Implementing a complex, potentially flawed standard with no test suite is a recipe for problems. The first rule is that anyone can make mistakes, which means that your programmers are perfectly capable of misinterpreting the standard (or coming to a different interpretation than what other people think is the obvious one). With no test suite, you have no good way of discovering this divergence from proper behavior until people start yelling at you for being 'broken'. The larger or more complex the standard, the higher the chances of this happening to you at some point. Potential flaws in the standard compound the issue because now you get to play the 'is this our bug or the standard's bug' game (and winning this game requires you to become a deep expert on the standard).

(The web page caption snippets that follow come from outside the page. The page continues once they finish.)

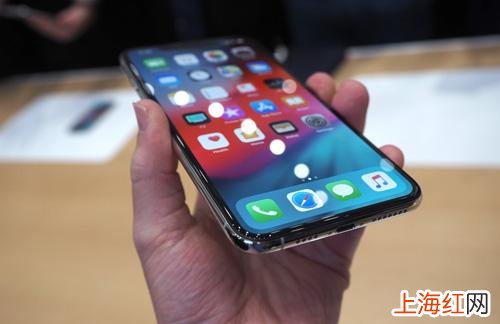 苹果突然充不进去电了没反应 为什么iphone充电充不进去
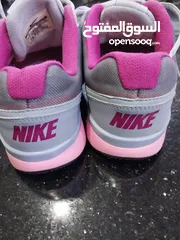  6 حذاء رياضي نايك NIKE للمشي والجري لمسافات طويله مريح جدا اصلي مقاس 39 استعمال خفيف بحال الوكاله مريح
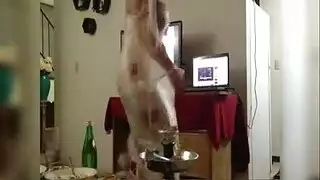 سكس يغتصبها بعد ما يسكرو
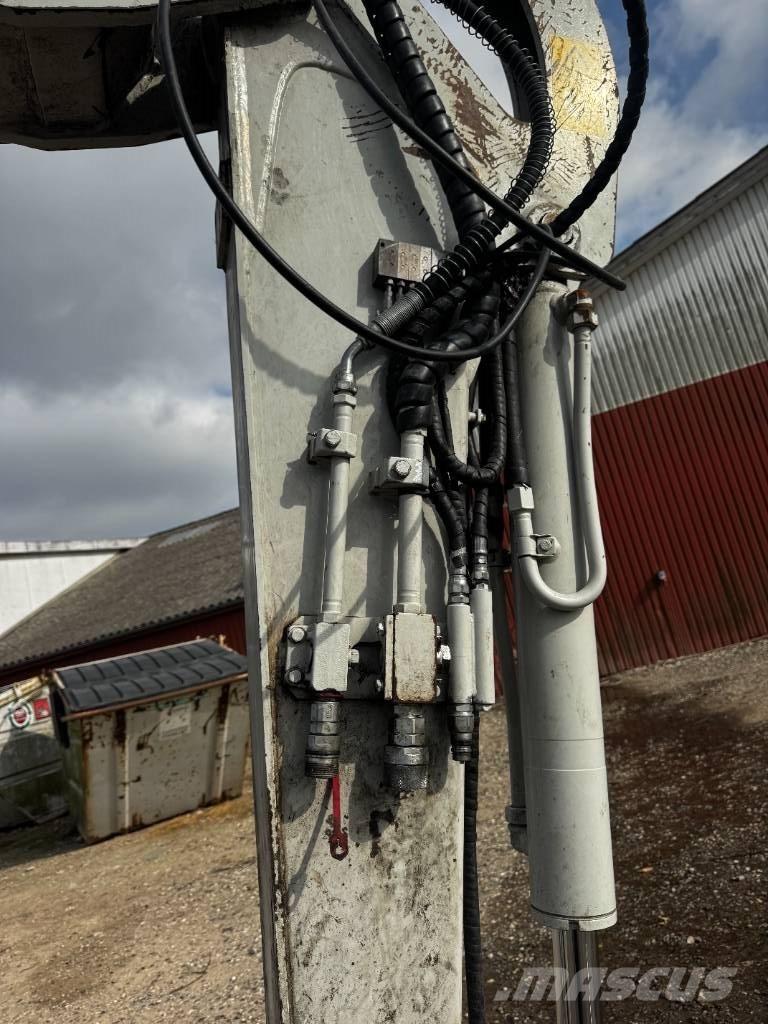 Takeuchi TB 370 Kāpurķēžu ekskavatori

(Effectively you have no good process for finding bugs in your implementation of the standard, and this guarantees that there will be such bugs.)

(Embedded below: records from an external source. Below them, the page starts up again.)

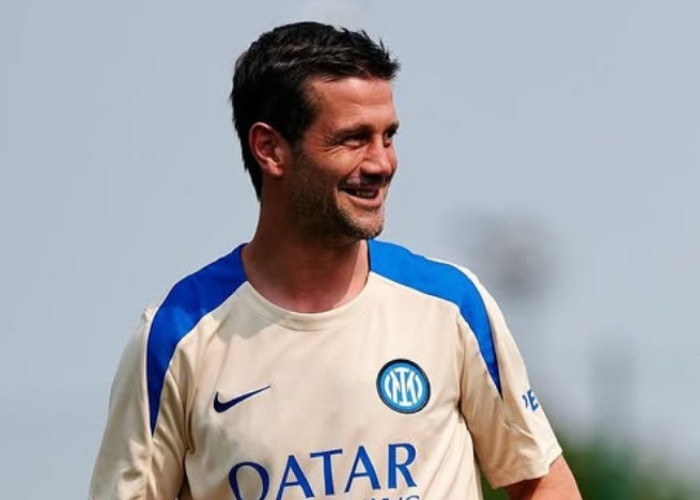 Cristian Chivu Siap Perkuat Masa Depan Inter dengan Kontrak Baru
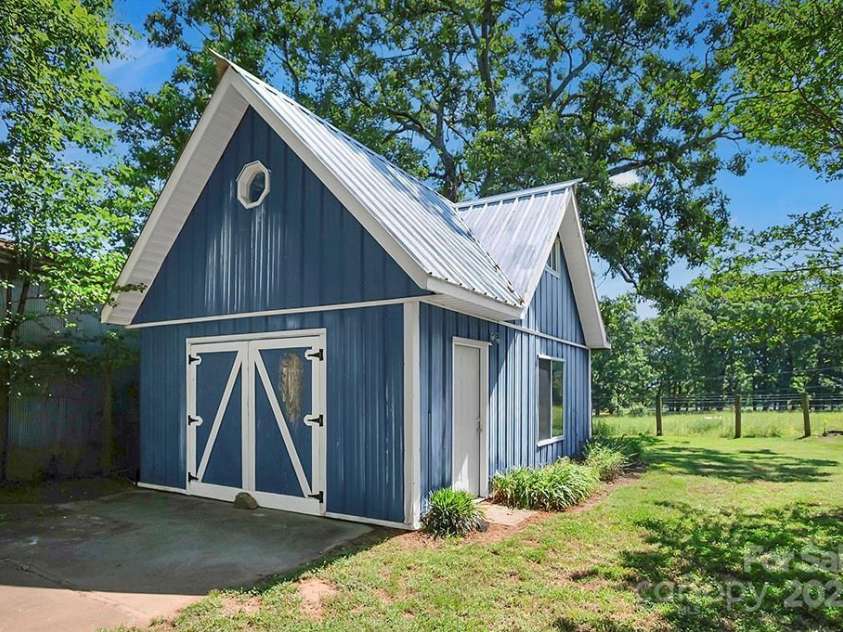 108 Stockton Street, Shelby, NC 28150.  MLS# CAR4256542, YatesRealty ID 13946. 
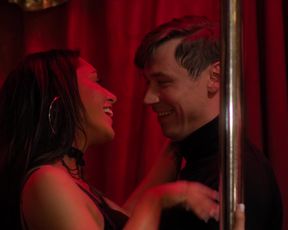 Johanna Ingelfinger, Sophia Thomalla - Rising High (2020) Hot nude scene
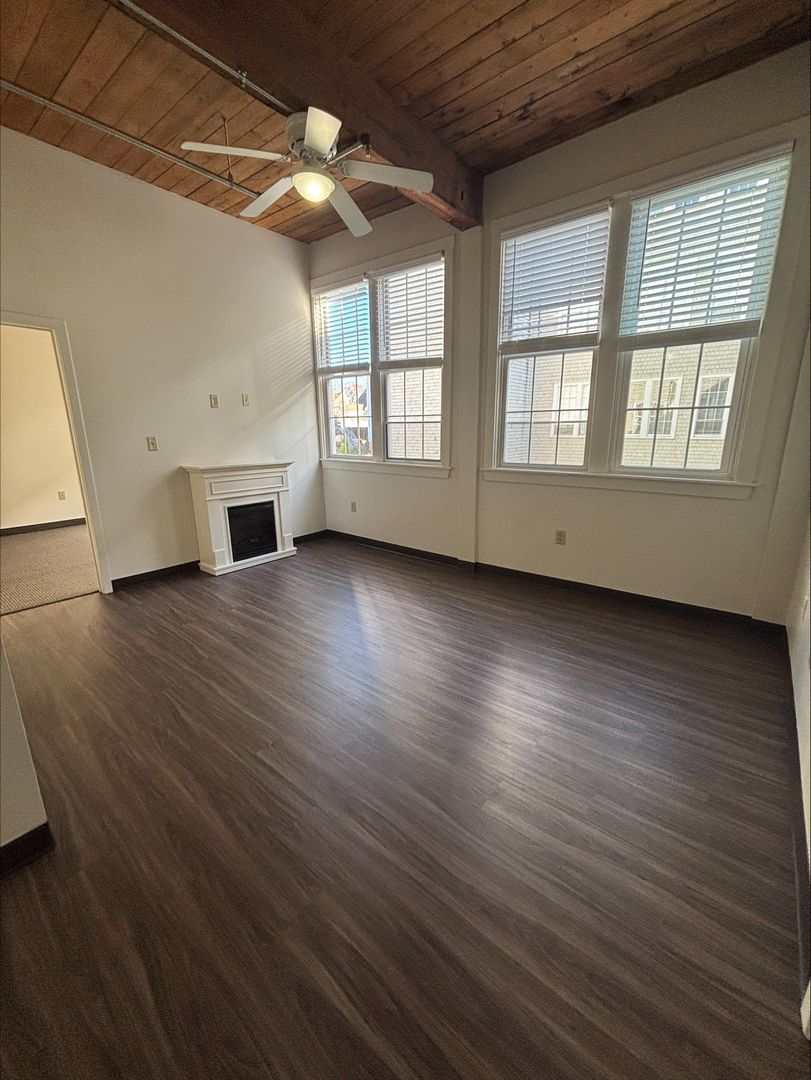 Rockland Apartment: 51 Maple Street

If the web standard is an invented standard, dreamed up by a bunch of people in a back room somewhere, it's at least potentially flawed in these ways. Not implementing the 'standard' means that you don't have to deal with all of this and you're not wasting your limited time to develop something that people won't care about in practice.
Hence, if you think that web standards are generally flawed on a mechanical level and not especially necessary or useful on a general level, more or less ignoring them until the level of outrage rises high enough is a perfectly sane reaction. Instead the sensible thing to do is cherry-pick the clear, easy to implement, and useful pieces of each standard without necessarily trying to implement the whole thing. This gets you the useful bits at a relatively low effort, or at least makes sure that you don't waste too much time coding things that people aren't going to use.